The mordant Tiptoe also looks at the silent, hostile and anonymous forces online, gathering to witness and fuel the Twitter cess pit, or as Yorke puts it, “all you appeasers and enablers, eating scraps from the swill, as quietly as insects, a toxic repetition.” It all climaxes with closing track, Bodies Laughing, in which he decries, “they laugh and then they hoot…we can’t control it anymore.”

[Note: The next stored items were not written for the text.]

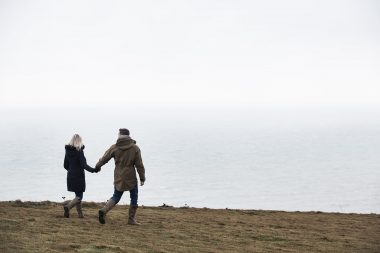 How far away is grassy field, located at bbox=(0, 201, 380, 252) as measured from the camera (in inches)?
391

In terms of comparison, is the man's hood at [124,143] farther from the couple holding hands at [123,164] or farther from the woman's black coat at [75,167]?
the woman's black coat at [75,167]

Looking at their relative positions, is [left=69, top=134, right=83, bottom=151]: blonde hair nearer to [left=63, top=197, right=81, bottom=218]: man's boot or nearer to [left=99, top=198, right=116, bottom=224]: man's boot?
[left=63, top=197, right=81, bottom=218]: man's boot

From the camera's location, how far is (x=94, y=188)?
4023 inches

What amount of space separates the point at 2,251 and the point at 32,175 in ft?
396

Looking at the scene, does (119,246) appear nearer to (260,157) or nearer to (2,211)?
(2,211)

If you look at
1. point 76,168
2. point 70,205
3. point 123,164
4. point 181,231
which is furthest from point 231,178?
point 123,164

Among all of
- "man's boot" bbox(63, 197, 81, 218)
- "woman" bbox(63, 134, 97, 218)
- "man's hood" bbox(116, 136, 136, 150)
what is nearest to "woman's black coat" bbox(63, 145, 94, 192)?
"woman" bbox(63, 134, 97, 218)

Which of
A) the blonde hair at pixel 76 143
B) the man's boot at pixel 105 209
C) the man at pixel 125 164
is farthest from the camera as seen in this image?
the blonde hair at pixel 76 143

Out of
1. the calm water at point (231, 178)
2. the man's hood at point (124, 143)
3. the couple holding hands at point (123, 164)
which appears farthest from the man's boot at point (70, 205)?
the calm water at point (231, 178)

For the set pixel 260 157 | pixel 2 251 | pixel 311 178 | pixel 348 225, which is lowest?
pixel 2 251

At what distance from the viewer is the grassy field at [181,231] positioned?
9922 mm

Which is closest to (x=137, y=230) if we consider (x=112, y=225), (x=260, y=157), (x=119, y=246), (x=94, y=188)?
(x=112, y=225)

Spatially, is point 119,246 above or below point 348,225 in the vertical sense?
below

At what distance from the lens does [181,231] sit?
1218 cm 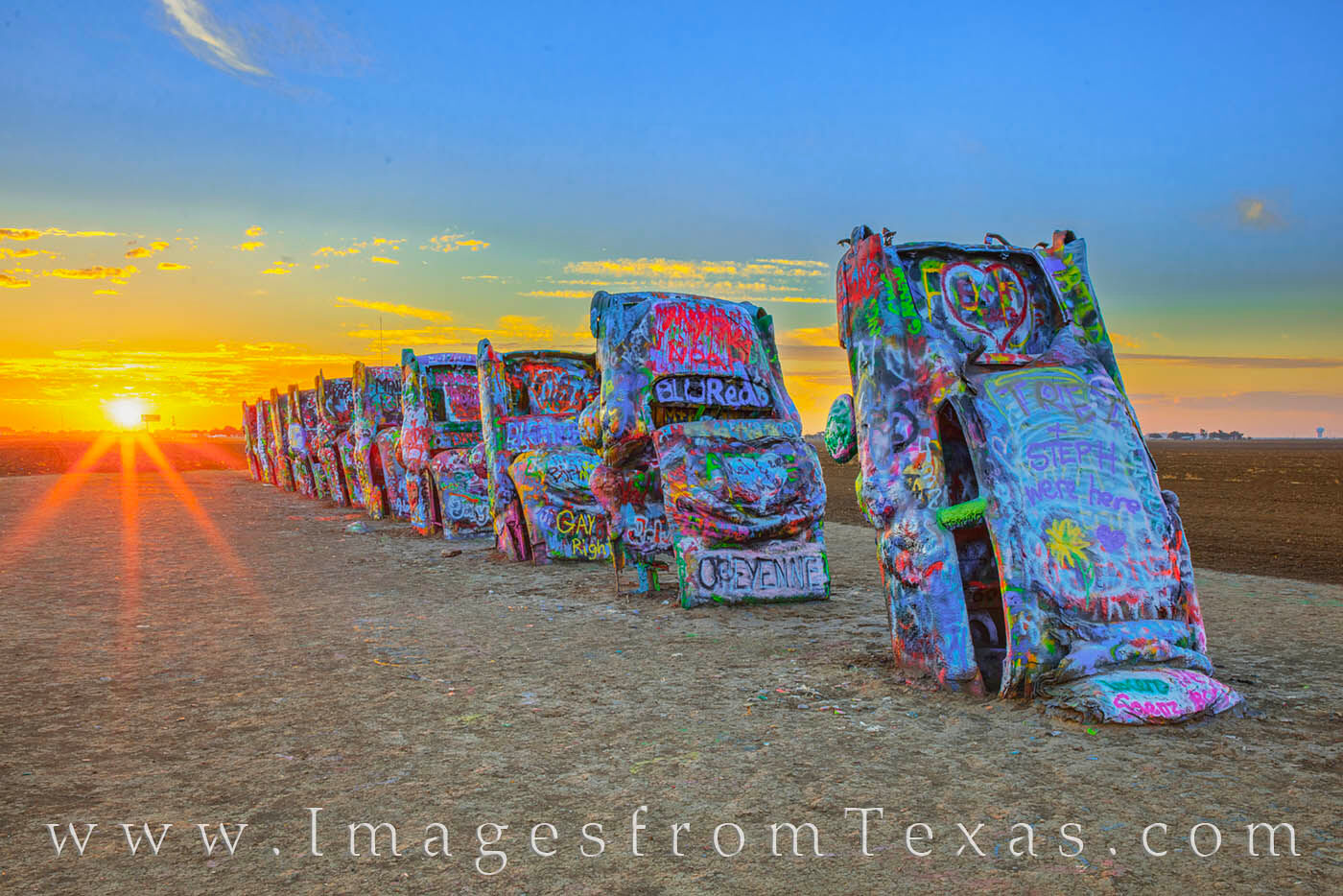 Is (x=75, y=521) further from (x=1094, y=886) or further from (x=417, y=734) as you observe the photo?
(x=1094, y=886)

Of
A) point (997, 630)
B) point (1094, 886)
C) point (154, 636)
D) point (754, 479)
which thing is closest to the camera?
point (1094, 886)

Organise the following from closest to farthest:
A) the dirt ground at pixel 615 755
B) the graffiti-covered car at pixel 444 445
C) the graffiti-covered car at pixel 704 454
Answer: the dirt ground at pixel 615 755
the graffiti-covered car at pixel 704 454
the graffiti-covered car at pixel 444 445

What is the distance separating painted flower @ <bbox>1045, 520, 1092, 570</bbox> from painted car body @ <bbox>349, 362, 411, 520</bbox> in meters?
13.4

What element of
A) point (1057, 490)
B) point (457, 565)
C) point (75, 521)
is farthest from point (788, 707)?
point (75, 521)

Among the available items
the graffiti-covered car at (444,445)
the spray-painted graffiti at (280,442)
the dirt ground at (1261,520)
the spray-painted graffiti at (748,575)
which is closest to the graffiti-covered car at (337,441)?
the spray-painted graffiti at (280,442)

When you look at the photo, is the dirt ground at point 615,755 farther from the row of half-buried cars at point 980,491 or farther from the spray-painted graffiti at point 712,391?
the spray-painted graffiti at point 712,391

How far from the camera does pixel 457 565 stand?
1060 cm

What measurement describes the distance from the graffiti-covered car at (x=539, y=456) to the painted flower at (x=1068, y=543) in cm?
630

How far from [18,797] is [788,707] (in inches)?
127

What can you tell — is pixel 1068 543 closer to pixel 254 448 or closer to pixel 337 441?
pixel 337 441

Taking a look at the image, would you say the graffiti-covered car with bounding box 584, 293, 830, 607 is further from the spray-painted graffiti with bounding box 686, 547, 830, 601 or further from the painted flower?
the painted flower

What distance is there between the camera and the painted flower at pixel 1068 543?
4.49 meters

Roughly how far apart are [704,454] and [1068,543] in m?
3.48

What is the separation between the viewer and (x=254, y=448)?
104ft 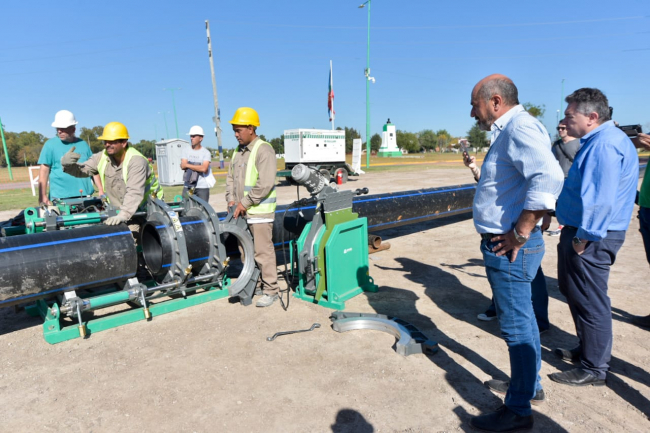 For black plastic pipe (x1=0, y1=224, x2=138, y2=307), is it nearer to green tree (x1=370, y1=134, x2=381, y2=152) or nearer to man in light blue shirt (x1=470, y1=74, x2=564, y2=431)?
man in light blue shirt (x1=470, y1=74, x2=564, y2=431)

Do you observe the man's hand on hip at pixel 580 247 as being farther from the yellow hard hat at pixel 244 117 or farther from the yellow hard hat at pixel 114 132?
the yellow hard hat at pixel 114 132

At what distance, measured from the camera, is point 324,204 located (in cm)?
422

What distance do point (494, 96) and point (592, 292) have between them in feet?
4.93

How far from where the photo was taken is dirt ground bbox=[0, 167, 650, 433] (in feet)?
8.25

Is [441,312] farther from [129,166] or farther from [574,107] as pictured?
[129,166]

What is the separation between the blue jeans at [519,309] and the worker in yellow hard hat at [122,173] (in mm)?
3346

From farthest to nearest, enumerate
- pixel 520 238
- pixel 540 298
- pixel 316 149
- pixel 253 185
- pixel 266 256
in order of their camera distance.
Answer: pixel 316 149 < pixel 266 256 < pixel 253 185 < pixel 540 298 < pixel 520 238

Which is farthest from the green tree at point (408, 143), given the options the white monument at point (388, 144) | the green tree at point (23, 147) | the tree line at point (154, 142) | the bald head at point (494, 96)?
the bald head at point (494, 96)

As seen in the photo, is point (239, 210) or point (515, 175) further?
point (239, 210)

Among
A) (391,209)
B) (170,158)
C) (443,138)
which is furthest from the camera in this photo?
(443,138)

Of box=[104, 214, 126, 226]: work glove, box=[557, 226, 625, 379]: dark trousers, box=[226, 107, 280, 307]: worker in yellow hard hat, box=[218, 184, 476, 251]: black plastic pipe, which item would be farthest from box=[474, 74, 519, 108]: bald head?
box=[104, 214, 126, 226]: work glove

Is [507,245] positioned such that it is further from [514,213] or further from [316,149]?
[316,149]

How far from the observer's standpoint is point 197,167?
648cm

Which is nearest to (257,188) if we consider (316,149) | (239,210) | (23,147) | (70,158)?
(239,210) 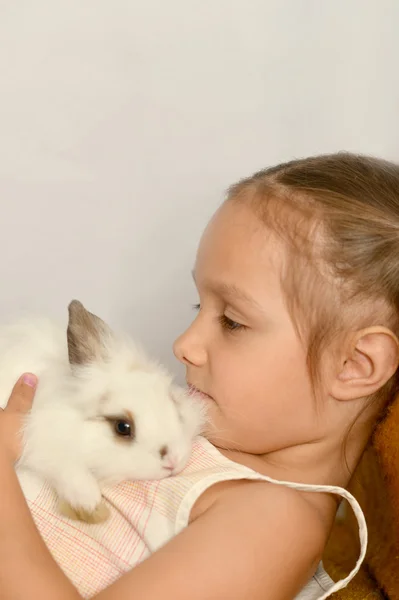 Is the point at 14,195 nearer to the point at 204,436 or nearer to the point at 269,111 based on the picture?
the point at 269,111

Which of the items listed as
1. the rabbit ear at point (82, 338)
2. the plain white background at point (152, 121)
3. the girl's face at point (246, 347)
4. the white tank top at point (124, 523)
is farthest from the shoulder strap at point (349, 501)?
the plain white background at point (152, 121)

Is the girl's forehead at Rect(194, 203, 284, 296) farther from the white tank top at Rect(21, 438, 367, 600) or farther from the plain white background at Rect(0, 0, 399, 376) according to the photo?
the plain white background at Rect(0, 0, 399, 376)

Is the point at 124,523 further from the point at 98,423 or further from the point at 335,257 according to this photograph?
the point at 335,257

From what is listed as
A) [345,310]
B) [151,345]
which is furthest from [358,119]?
[345,310]

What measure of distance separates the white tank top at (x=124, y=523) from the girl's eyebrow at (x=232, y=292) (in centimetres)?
25

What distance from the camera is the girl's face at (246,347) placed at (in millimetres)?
1061

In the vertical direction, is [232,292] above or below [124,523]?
above

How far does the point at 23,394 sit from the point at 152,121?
2.88 feet

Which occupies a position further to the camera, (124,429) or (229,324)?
(229,324)

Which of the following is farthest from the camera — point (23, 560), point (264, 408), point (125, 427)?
point (264, 408)

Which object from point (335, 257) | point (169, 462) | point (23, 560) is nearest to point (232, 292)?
point (335, 257)

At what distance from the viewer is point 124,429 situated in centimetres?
100

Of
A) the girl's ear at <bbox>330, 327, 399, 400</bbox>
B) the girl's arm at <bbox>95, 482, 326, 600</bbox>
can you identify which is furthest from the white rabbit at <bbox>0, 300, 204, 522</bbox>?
the girl's ear at <bbox>330, 327, 399, 400</bbox>

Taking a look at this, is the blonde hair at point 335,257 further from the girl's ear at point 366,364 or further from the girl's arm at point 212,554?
the girl's arm at point 212,554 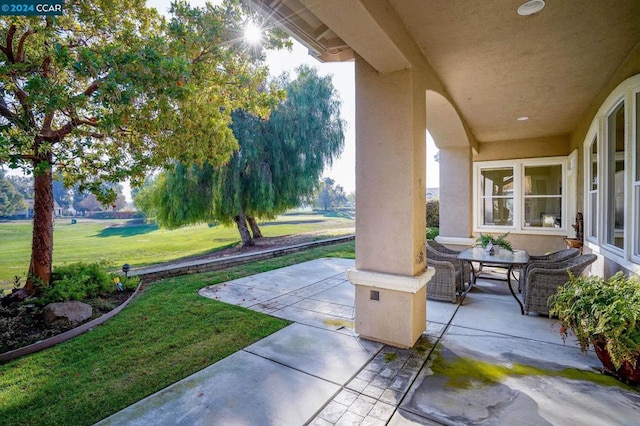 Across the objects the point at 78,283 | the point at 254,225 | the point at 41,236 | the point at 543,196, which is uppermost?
the point at 543,196

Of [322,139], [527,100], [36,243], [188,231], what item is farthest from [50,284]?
[188,231]

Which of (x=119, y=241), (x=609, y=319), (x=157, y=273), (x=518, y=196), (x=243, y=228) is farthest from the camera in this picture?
(x=119, y=241)

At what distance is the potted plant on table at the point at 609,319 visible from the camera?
232 cm

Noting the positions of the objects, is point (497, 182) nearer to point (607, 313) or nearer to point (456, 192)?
point (456, 192)

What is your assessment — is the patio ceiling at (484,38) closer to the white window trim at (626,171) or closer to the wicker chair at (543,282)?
the white window trim at (626,171)

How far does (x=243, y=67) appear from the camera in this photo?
19.7 feet

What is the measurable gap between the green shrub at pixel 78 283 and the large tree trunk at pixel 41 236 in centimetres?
22

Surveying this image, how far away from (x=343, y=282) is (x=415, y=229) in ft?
10.4

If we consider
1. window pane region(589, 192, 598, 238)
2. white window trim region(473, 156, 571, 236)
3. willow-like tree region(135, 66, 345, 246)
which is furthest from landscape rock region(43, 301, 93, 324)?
white window trim region(473, 156, 571, 236)

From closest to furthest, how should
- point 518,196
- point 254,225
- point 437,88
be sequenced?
point 437,88, point 518,196, point 254,225

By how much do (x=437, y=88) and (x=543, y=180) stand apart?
5.73m

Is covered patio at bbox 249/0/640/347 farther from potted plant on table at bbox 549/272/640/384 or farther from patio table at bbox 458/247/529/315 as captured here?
potted plant on table at bbox 549/272/640/384

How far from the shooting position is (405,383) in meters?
2.50

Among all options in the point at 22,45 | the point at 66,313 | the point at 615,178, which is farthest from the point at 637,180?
the point at 22,45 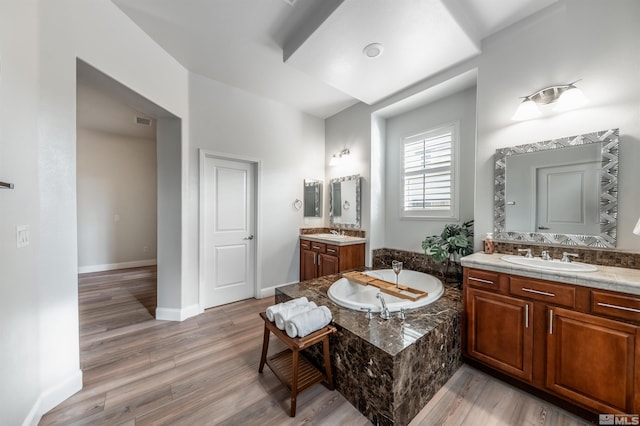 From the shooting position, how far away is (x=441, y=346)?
1.74 metres

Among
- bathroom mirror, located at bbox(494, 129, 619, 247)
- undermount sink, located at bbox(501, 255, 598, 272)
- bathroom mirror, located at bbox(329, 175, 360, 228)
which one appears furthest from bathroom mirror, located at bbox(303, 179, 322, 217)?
undermount sink, located at bbox(501, 255, 598, 272)

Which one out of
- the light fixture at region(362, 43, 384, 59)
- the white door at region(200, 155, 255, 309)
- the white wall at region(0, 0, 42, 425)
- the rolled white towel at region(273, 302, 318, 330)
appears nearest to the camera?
the white wall at region(0, 0, 42, 425)

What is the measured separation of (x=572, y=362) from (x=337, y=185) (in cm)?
315

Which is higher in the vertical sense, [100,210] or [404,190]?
[404,190]

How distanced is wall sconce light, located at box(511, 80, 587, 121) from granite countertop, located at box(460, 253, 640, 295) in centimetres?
126

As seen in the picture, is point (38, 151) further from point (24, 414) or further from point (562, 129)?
point (562, 129)

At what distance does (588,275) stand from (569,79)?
5.08 ft

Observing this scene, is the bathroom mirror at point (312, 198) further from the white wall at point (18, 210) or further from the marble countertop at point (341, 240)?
the white wall at point (18, 210)

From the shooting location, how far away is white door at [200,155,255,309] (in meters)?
3.07

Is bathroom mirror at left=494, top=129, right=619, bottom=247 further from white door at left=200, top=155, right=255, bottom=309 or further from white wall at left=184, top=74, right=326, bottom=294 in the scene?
white door at left=200, top=155, right=255, bottom=309

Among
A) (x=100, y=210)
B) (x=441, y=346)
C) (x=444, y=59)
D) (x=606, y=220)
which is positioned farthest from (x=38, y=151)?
(x=100, y=210)

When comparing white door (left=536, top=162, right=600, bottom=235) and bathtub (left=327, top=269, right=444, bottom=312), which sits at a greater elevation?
white door (left=536, top=162, right=600, bottom=235)

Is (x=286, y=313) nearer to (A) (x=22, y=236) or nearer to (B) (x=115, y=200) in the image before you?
(A) (x=22, y=236)

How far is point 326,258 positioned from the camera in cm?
335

There’s a sense of a world turned cruel, derisive, violent and that everything is out of our hands. In dealing with this, The Smile gets under our skin right now, in a way that Radiohead couldn’t. In the rush of their work, both within songs and with all these releases, they are reflecting the anxiety-fueled present moment where attention is fleeting and joy and despair flit in and out of our psyches a few times a second.
This is not music done by committee, it operates closer to the nervous system than that. And if it loses the romanticism of the Big Band Making A Big Statement, it’s because the very idea feels absurd. Big Bands just do Big Shows now, they give a nice time and are not expected to, yknow, say something. The action on this front, is strictly around the margins, and credit to Yorke, Greenwood and Skinner for scratching out a place there to tell us what we all don’t want to hear in highly listenable form. This Smile is an unnerving one.